Pesaría cuatro o cinco kilos. No había un espejo a la vista en el que mirarse. Estaba tan atestada la tienda que supuse que permanecían ocultos tras la ropa. Me lo probé casi a ciegas. "Mío", anuncié. Me gustó tanto que no supe si era bonito o no, de mi talla o de otra. Me faltaba perspectiva, como ocurre a menudo en el amor. "¿Qué opinas?", pregunté a Marta, que hinchó los mofletes. Su maldito escepticismo, pensé. "¿Qué pasa? ¿No te gusta?". Soltó el aire despacio. "Sí, pero…". Ahí me decidí: me lo llevaba. Supe que era la típica prenda que al principio te hace dudar, pero poco a poco te va pareciendo maravillosa.
Llegar con ella al apartamento, en Queens, fue la parte horrible. Cada veinte pasos había que cambiar la bolsa de mano. Quería que fuese invierno. Al fin, delante de un espejo, ratifiqué por qué el abrigo y yo nos deseábamos. "Tiene manchas de óxido", comentó Marta. Rebatí su objeción fácilmente: "Me costó veinte dólares, qué menos". En mi estado de enamoramiento, además, yo no veía manchas por ninguna parte. "Pesa como una vaca", dijo mi hija. "Eso es para las balas, cariño. Siempre he querido un abrigo que detenga las balas cuando me disparen".
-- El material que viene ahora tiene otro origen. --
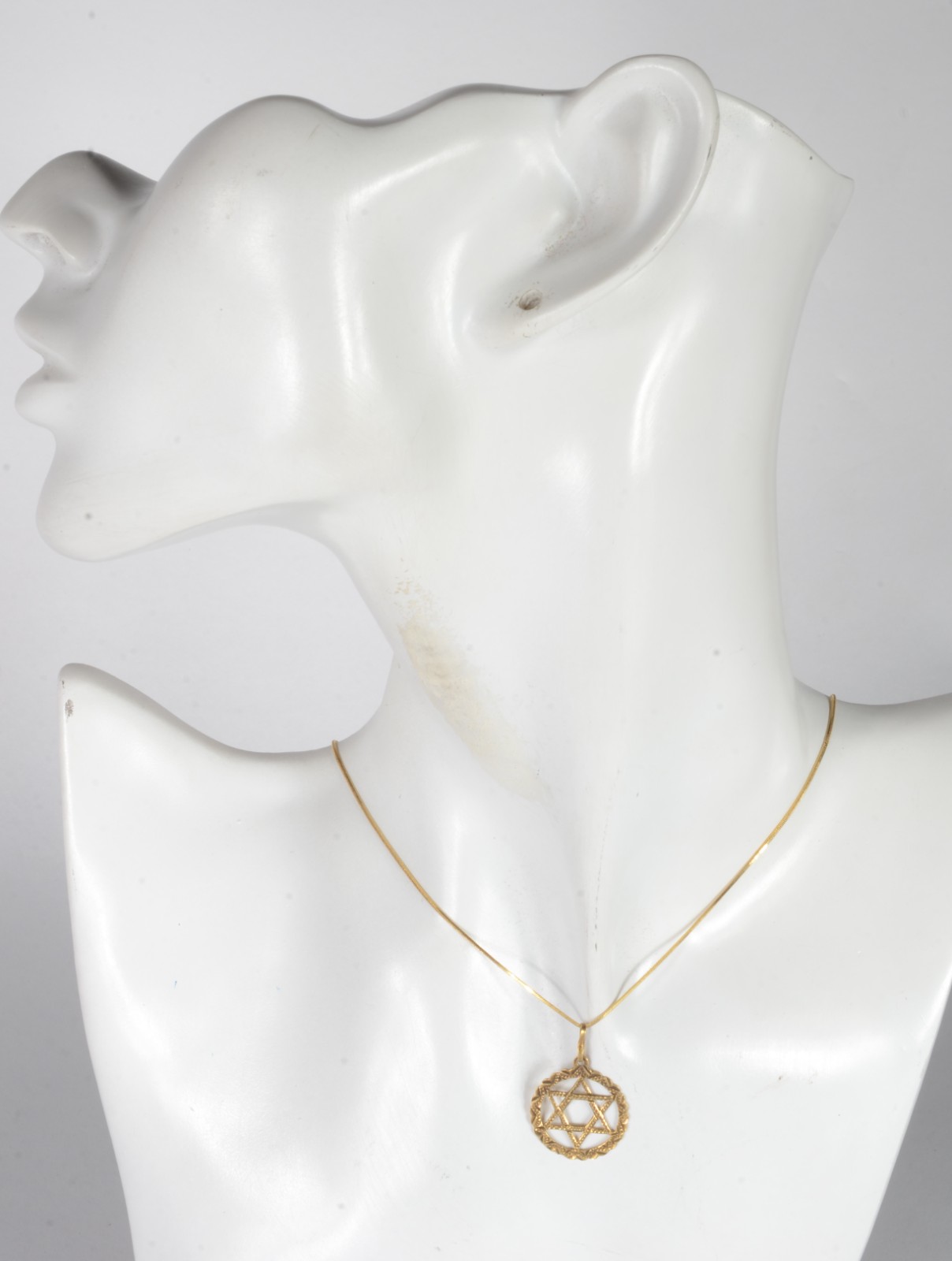 Colar com pendente "estrela de Davi" de ouro 18 k., contraste 750... - foto 5 de 5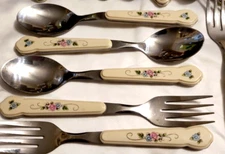 Pfaltzgraff Tea Rose Flatware 18 pc 4 Place Sets TAIWAN Stainless Plastic Handle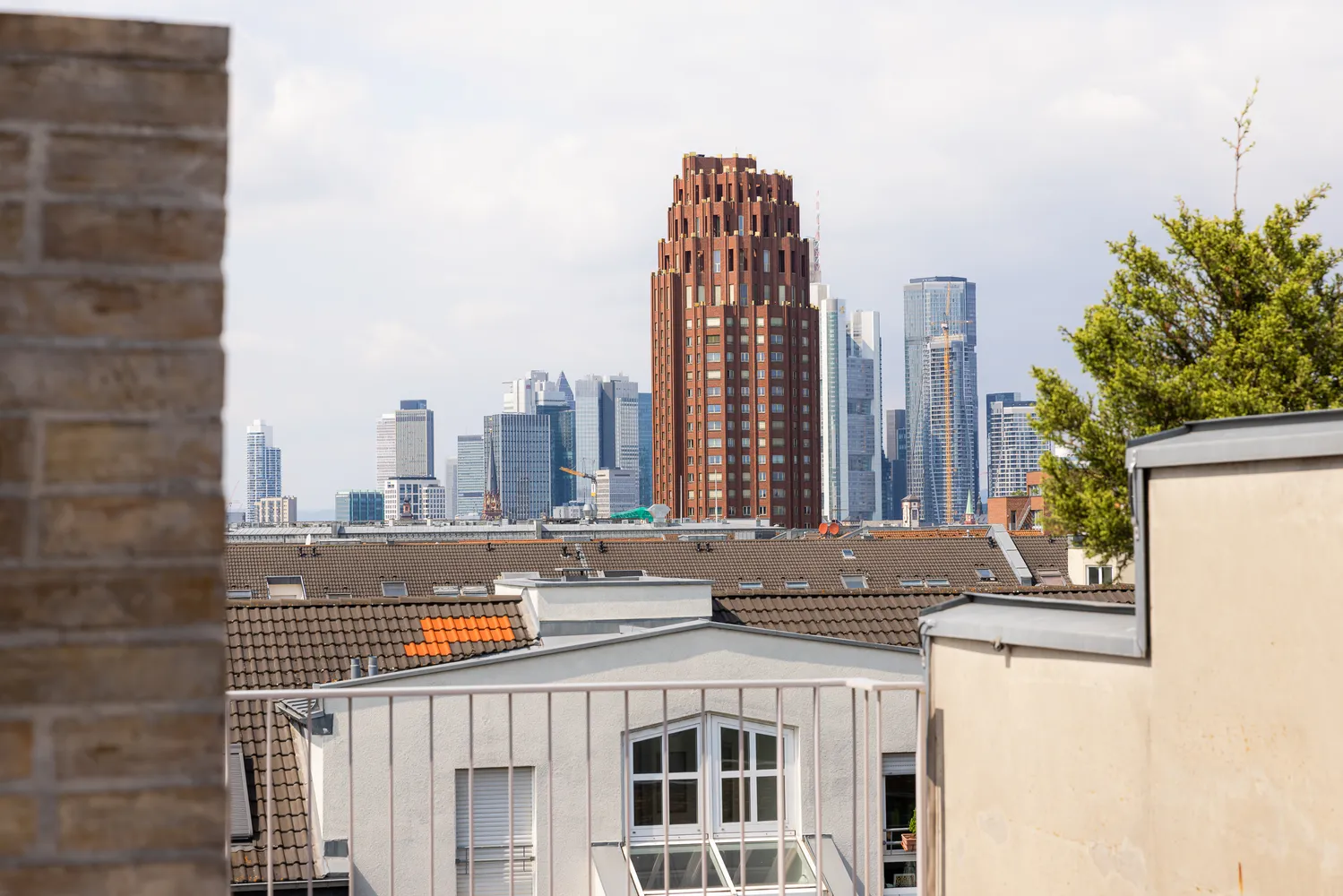 6 Zimmer Wohnung mit 334 m² in Frankfurt am Main – Bild 12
Les conté la historia de la chupa de cuero de Miles Davis, que en 1969 sobrevivió a un complot para matarlo. Un día se encontraba en Brooklyn con una de sus nuevas novias, Marguerite Eskridge. Acababa de tocar en el Blue Coronet Club, y le propuso llevarla a casa en su Ferrari rojo. Cuando llegaron, detuvieron el coche y comenzaron a besarse.
De pronto, otro automóvil ocupado por tres hombres se detuvo a la altura del Ferrari. Por un momento, Davis y Eskridge creyeron que se trataban de admiradores que habían asistido al concierto y pretendían saludar al artista. La hipótesis se cayó enseguida, cuando sonaron cinco disparos. "Por suerte", contaría el músico, "yo llevaba puesta una chaqueta de cuero de esas anchas. De no ser por ella y por el hecho de que dispararon a través de la puerta de un Ferrari de fabricación sólida, me habrían matado".
Cuando regresamos a España lo llevé a la tintorería y después lo guardé, a la espera del frío. Transcurrieron casi cuatro meses. Esta semana lo estrené y salí a la calle. Cada vez que pasaba ante un escaparate me detenía. Cada vez me parecía más plausible que hubiese pertenecido a un soldado norteamericano muerto en el frente europeo por fuego alemán. Empezaba a tener menos un abrigo que una historia, que es lo que importa de verdad.